The data below is to be copied exactly, line by line.

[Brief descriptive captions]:
◆ ◆ ◆ ◆ ◆ ◆ ◆

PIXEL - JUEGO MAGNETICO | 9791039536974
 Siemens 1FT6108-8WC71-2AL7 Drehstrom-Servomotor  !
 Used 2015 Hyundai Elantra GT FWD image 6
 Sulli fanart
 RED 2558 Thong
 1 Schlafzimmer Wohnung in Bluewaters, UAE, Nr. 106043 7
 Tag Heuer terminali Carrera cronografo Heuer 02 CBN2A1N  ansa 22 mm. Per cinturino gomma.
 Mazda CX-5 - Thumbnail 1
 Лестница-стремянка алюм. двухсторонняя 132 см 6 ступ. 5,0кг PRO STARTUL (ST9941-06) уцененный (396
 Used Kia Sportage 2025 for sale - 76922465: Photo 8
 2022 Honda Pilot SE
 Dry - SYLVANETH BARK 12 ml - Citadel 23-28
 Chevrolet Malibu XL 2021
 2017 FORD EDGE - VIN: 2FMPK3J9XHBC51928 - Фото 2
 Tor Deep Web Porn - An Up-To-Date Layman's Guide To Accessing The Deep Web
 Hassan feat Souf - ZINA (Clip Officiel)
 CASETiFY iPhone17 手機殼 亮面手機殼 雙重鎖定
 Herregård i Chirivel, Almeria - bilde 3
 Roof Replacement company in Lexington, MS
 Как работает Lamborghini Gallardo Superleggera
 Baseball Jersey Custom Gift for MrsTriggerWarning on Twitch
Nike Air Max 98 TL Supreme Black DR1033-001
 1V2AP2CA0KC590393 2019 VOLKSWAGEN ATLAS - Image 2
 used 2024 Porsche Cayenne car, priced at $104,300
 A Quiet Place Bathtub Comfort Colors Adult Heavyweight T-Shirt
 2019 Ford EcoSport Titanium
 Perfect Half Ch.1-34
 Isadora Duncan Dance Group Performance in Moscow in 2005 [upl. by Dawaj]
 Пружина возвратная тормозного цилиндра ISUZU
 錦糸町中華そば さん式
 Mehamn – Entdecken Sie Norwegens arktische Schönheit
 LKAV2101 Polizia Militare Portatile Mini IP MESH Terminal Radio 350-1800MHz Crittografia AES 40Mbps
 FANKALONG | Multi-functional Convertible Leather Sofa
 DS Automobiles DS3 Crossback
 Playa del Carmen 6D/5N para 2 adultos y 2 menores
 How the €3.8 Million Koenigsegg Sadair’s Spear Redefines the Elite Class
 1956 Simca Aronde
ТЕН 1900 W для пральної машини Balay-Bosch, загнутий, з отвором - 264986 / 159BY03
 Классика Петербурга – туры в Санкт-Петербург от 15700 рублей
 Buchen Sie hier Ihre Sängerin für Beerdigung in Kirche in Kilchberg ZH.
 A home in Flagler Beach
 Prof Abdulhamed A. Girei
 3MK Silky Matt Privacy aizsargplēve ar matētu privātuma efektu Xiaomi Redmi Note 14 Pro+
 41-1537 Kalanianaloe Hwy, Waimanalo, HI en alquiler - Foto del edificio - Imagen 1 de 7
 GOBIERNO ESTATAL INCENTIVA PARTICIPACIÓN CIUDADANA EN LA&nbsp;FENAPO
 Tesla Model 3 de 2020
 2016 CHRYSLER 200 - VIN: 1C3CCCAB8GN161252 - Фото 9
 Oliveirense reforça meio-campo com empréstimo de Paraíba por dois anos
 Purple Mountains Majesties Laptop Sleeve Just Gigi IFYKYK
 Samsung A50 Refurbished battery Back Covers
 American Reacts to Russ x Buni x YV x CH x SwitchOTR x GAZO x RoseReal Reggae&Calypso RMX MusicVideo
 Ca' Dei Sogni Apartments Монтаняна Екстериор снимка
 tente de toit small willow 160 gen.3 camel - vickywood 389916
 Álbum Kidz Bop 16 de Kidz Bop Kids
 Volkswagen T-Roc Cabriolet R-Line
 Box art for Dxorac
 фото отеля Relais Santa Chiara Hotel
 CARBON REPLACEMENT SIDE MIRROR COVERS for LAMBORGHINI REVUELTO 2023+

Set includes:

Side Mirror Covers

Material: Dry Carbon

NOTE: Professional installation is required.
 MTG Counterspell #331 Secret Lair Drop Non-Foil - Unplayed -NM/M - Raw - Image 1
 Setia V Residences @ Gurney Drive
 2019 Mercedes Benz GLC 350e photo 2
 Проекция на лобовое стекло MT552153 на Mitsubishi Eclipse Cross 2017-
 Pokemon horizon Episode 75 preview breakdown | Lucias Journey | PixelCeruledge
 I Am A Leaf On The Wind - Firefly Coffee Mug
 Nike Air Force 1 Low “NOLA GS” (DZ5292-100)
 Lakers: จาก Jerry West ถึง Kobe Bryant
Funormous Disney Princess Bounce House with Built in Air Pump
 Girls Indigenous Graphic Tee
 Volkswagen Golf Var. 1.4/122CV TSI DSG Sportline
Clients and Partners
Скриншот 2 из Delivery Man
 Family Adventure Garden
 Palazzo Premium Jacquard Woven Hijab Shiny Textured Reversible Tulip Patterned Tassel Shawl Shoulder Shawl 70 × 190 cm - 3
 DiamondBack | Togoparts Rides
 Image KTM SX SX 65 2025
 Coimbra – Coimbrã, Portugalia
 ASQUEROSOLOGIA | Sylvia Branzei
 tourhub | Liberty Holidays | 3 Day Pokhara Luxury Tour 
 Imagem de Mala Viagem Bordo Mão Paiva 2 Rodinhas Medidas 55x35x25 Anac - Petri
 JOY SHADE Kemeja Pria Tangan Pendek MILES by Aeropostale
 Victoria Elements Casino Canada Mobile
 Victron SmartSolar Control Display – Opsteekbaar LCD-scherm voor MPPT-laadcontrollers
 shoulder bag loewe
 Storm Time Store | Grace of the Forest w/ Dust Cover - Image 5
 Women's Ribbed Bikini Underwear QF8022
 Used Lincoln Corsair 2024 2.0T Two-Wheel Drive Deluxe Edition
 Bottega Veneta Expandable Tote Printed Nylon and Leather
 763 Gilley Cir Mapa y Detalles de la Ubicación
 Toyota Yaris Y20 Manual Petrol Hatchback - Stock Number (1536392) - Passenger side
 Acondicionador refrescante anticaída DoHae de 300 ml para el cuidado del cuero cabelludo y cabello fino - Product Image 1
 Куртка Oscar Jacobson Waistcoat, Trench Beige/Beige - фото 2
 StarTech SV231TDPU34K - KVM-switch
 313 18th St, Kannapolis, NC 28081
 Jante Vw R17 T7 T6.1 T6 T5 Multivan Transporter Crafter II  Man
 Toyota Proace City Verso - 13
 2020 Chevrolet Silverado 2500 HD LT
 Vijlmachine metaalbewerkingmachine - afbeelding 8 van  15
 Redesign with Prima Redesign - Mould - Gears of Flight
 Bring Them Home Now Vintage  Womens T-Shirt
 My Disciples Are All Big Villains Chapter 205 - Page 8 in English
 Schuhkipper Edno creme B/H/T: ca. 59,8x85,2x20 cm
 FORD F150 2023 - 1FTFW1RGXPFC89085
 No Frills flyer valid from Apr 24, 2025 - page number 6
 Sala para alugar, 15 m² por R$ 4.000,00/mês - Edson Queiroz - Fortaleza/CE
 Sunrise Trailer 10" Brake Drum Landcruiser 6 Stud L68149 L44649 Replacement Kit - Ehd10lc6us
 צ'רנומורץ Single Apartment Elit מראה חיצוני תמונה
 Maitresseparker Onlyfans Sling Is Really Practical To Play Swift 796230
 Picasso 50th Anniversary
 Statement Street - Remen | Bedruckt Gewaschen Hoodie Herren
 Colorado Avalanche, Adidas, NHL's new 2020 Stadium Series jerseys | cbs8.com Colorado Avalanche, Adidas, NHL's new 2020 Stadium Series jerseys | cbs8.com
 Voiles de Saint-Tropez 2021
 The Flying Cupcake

◆ ◆ ◆ ◆ ◆ ◆ ◆

[Answer to the exercise]:
PIXEL - JUEGO MAGNETICO | 9791039536974
 Siemens 1FT6108-8WC71-2AL7 Drehstrom-Servomotor  !
 Used 2015 Hyundai Elantra GT FWD image 6
 Sulli fanart
 RED 2558 Thong
 1 Schlafzimmer Wohnung in Bluewaters, UAE, Nr. 106043 7
 Tag Heuer terminali Carrera cronografo Heuer 02 CBN2A1N  ansa 22 mm. Per cinturino gomma.
 Mazda CX-5 - Thumbnail 1
 Лестница-стремянка алюм. двухсторонняя 132 см 6 ступ. 5,0кг PRO STARTUL (ST9941-06) уцененный (396
 Used Kia Sportage 2025 for sale - 76922465: Photo 8
 2022 Honda Pilot SE
 Dry - SYLVANETH BARK 12 ml - Citadel 23-28
 Chevrolet Malibu XL 2021
 2017 FORD EDGE - VIN: 2FMPK3J9XHBC51928 - Фото 2
 Tor Deep Web Porn - An Up-To-Date Layman's Guide To Accessing The Deep Web
 Hassan feat Souf - ZINA (Clip Officiel)
 CASETiFY iPhone17 手機殼 亮面手機殼 雙重鎖定
 Herregård i Chirivel, Almeria - bilde 3
 Roof Replacement company in Lexington, MS
 Как работает Lamborghini Gallardo Superleggera
 Baseball Jersey Custom Gift for MrsTriggerWarning on Twitch
Nike Air Max 98 TL Supreme Black DR1033-001
 1V2AP2CA0KC590393 2019 VOLKSWAGEN ATLAS - Image 2
 used 2024 Porsche Cayenne car, priced at $104,300
 A Quiet Place Bathtub Comfort Colors Adult Heavyweight T-Shirt
 2019 Ford EcoSport Titanium
 Perfect Half Ch.1-34
 Isadora Duncan Dance Group Performance in Moscow in 2005 [upl. by Dawaj]
 Пружина возвратная тормозного цилиндра ISUZU
 錦糸町中華そば さん式
 Mehamn – Entdecken Sie Norwegens arktische Schönheit
 LKAV2101 Polizia Militare Portatile Mini IP MESH Terminal Radio 350-1800MHz Crittografia AES 40Mbps
 FANKALONG | Multi-functional Convertible Leather Sofa
 DS Automobiles DS3 Crossback
 Playa del Carmen 6D/5N para 2 adultos y 2 menores
 How the €3.8 Million Koenigsegg Sadair’s Spear Redefines the Elite Class
 1956 Simca Aronde
ТЕН 1900 W для пральної машини Balay-Bosch, загнутий, з отвором - 264986 / 159BY03
 Классика Петербурга – туры в Санкт-Петербург от 15700 рублей
 Buchen Sie hier Ihre Sängerin für Beerdigung in Kirche in Kilchberg ZH.
 A home in Flagler Beach
 Prof Abdulhamed A. Girei
 3MK Silky Matt Privacy aizsargplēve ar matētu privātuma efektu Xiaomi Redmi Note 14 Pro+
 41-1537 Kalanianaloe Hwy, Waimanalo, HI en alquiler - Foto del edificio - Imagen 1 de 7
 GOBIERNO ESTATAL INCENTIVA PARTICIPACIÓN CIUDADANA EN LA&nbsp;FENAPO
 Tesla Model 3 de 2020
 2016 CHRYSLER 200 - VIN: 1C3CCCAB8GN161252 - Фото 9
 Oliveirense reforça meio-campo com empréstimo de Paraíba por dois anos
 Purple Mountains Majesties Laptop Sleeve Just Gigi IFYKYK
 Samsung A50 Refurbished battery Back Covers
 American Reacts to Russ x Buni x YV x CH x SwitchOTR x GAZO x RoseReal Reggae&Calypso RMX MusicVideo
 Ca' Dei Sogni Apartments Монтаняна Екстериор снимка
 tente de toit small willow 160 gen.3 camel - vickywood 389916
 Álbum Kidz Bop 16 de Kidz Bop Kids
 Volkswagen T-Roc Cabriolet R-Line
 Box art for Dxorac
 фото отеля Relais Santa Chiara Hotel
 CARBON REPLACEMENT SIDE MIRROR COVERS for LAMBORGHINI REVUELTO 2023+

Set includes:

Side Mirror Covers

Material: Dry Carbon

NOTE: Professional installation is required.
 MTG Counterspell #331 Secret Lair Drop Non-Foil - Unplayed -NM/M - Raw - Image 1
 Setia V Residences @ Gurney Drive
 2019 Mercedes Benz GLC 350e photo 2
 Проекция на лобовое стекло MT552153 на Mitsubishi Eclipse Cross 2017-
 Pokemon horizon Episode 75 preview breakdown | Lucias Journey | PixelCeruledge
 I Am A Leaf On The Wind - Firefly Coffee Mug
 Nike Air Force 1 Low “NOLA GS” (DZ5292-100)
 Lakers: จาก Jerry West ถึง Kobe Bryant
Funormous Disney Princess Bounce House with Built in Air Pump
 Girls Indigenous Graphic Tee
 Volkswagen Golf Var. 1.4/122CV TSI DSG Sportline
Clients and Partners
Скриншот 2 из Delivery Man
 Family Adventure Garden
 Palazzo Premium Jacquard Woven Hijab Shiny Textured Reversible Tulip Patterned Tassel Shawl Shoulder Shawl 70 × 190 cm - 3
 DiamondBack | Togoparts Rides
 Image KTM SX SX 65 2025
 Coimbra – Coimbrã, Portugalia
 ASQUEROSOLOGIA | Sylvia Branzei
 tourhub | Liberty Holidays | 3 Day Pokhara Luxury Tour 
 Imagem de Mala Viagem Bordo Mão Paiva 2 Rodinhas Medidas 55x35x25 Anac - Petri
 JOY SHADE Kemeja Pria Tangan Pendek MILES by Aeropostale
 Victoria Elements Casino Canada Mobile
 Victron SmartSolar Control Display – Opsteekbaar LCD-scherm voor MPPT-laadcontrollers
 shoulder bag loewe
 Storm Time Store | Grace of the Forest w/ Dust Cover - Image 5
 Women's Ribbed Bikini Underwear QF8022
 Used Lincoln Corsair 2024 2.0T Two-Wheel Drive Deluxe Edition
 Bottega Veneta Expandable Tote Printed Nylon and Leather
 763 Gilley Cir Mapa y Detalles de la Ubicación
 Toyota Yaris Y20 Manual Petrol Hatchback - Stock Number (1536392) - Passenger side
 Acondicionador refrescante anticaída DoHae de 300 ml para el cuidado del cuero cabelludo y cabello fino - Product Image 1
 Куртка Oscar Jacobson Waistcoat, Trench Beige/Beige - фото 2
 StarTech SV231TDPU34K - KVM-switch
 313 18th St, Kannapolis, NC 28081
 Jante Vw R17 T7 T6.1 T6 T5 Multivan Transporter Crafter II  Man
 Toyota Proace City Verso - 13
 2020 Chevrolet Silverado 2500 HD LT
 Vijlmachine metaalbewerkingmachine - afbeelding 8 van  15
 Redesign with Prima Redesign - Mould - Gears of Flight
 Bring Them Home Now Vintage  Womens T-Shirt
 My Disciples Are All Big Villains Chapter 205 - Page 8 in English
 Schuhkipper Edno creme B/H/T: ca. 59,8x85,2x20 cm
 FORD F150 2023 - 1FTFW1RGXPFC89085
 No Frills flyer valid from Apr 24, 2025 - page number 6
 Sala para alugar, 15 m² por R$ 4.000,00/mês - Edson Queiroz - Fortaleza/CE
 Sunrise Trailer 10" Brake Drum Landcruiser 6 Stud L68149 L44649 Replacement Kit - Ehd10lc6us
 צ'רנומורץ Single Apartment Elit מראה חיצוני תמונה
 Maitresseparker Onlyfans Sling Is Really Practical To Play Swift 796230
 Picasso 50th Anniversary
 Statement Street - Remen | Bedruckt Gewaschen Hoodie Herren
 Colorado Avalanche, Adidas, NHL's new 2020 Stadium Series jerseys | cbs8.com Colorado Avalanche, Adidas, NHL's new 2020 Stadium Series jerseys | cbs8.com
 Voiles de Saint-Tropez 2021
 The Flying Cupcake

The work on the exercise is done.